The blend of blandness and jargon lulls many investors into thinking nothing is wrong. Often, they throw the letter away after reading it—or, as requested by the firm, sign it and mail it back.

Don’t make that mistake.

“It is critical that investors review the information” in a happiness letter to ensure that the account is being run in accordance with their wishes, says Susan Axelrod, an executive vice president at the Financial Industry Regulatory Authority, which oversees brokerage firms.

Finra doesn’t set specific standards for how these messages should be worded or what they should request of clients. But, Ms. Axelrod says, such a letter should explain in clear and simple language exactly why you are being contacted, which aspects of your account the firm is asking you to review and whom you can contact to discuss any concerns raised in the letter.

If you later take the firm to arbitration to try recovering any losses, how you handled the happiness letter could be a critical piece of evidence.

If you ignored or tossed it out, the firm will argue that you thereby tacitly authorized its conduct. If you signed and returned the letter, the firm will contend that by doing so, you gave explicit approval for whatever was going on in your account, no matter how risky it was.

Happiness letters vary widely in their wording. Some don’t even request you to sign and return them, but you still can’t ignore them.

Consider a letter sent in 2010 from FMSbonds, a brokerage in Boca Raton, Fla., to one of its clients, Ronald Johnson of Overland Park, Kan. The letter noted that Mr. Johnson’s account had purchased unrated or below-investment-grade bonds, which are considered to be speculative. The account registration didn’t list “speculative” among Mr. Johnson’s objectives, so in its happiness letter FMSbonds informed him that “if you wish to update your account information to include this objective going forward please let us know.”

The letter then added, “Unless you instruct us differently, we will presume that from time to time you may wish to purchase [speculative] bonds.” The letter didn’t include a formal request for such an instruction.

Mr. Johnson died in 2012. Diane Nygaard of Kenner Nygaard DeMarea Kendall in Kansas City, Mo., a lawyer who represents the Johnson family trust in an arbitration proceeding against FMSbonds, says that Mr. Johnson never responded to the happiness letter. Meanwhile, she contends, the brokerage was making rapid, unauthorized trades that resulted in hundreds of thousands of dollars of costs and losses.

FMSbonds says all the trades were initiated by Mr. Johnson and that the letter was intended to alert him that the trades he was making were riskier than he had originally said he was comfortable with.

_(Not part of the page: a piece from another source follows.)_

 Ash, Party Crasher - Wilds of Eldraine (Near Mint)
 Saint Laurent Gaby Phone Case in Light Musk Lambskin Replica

“This was not a discretionary account,” says Dennis Richard, a lawyer at Richard & Richard, a Miami law firm representing the brokerage. “All trades at FMSbonds must be directed by the client, as was done here. No trades are made without the client’s direction.” The Johnson account, adds Mr. Richard, “was profitable.”

The upshot: Never sign and return a happiness letter. Nor should you speak to your broker about it. Call the compliance officer or branch manager who sent the letter and politely insist on seeing the internal data that prompted it. Don’t discuss anything else or answer any questions seeking to establish how satisfied you are with your account’s performance.

Then bring the happiness letter, your account statements and the internal data (if you can get it) to someone who can give you an objective second opinion: an accountant, a registered investment adviser, a securities attorney, even a trusted family member or friend.

Chances are, something is happening that you need to put a stop to.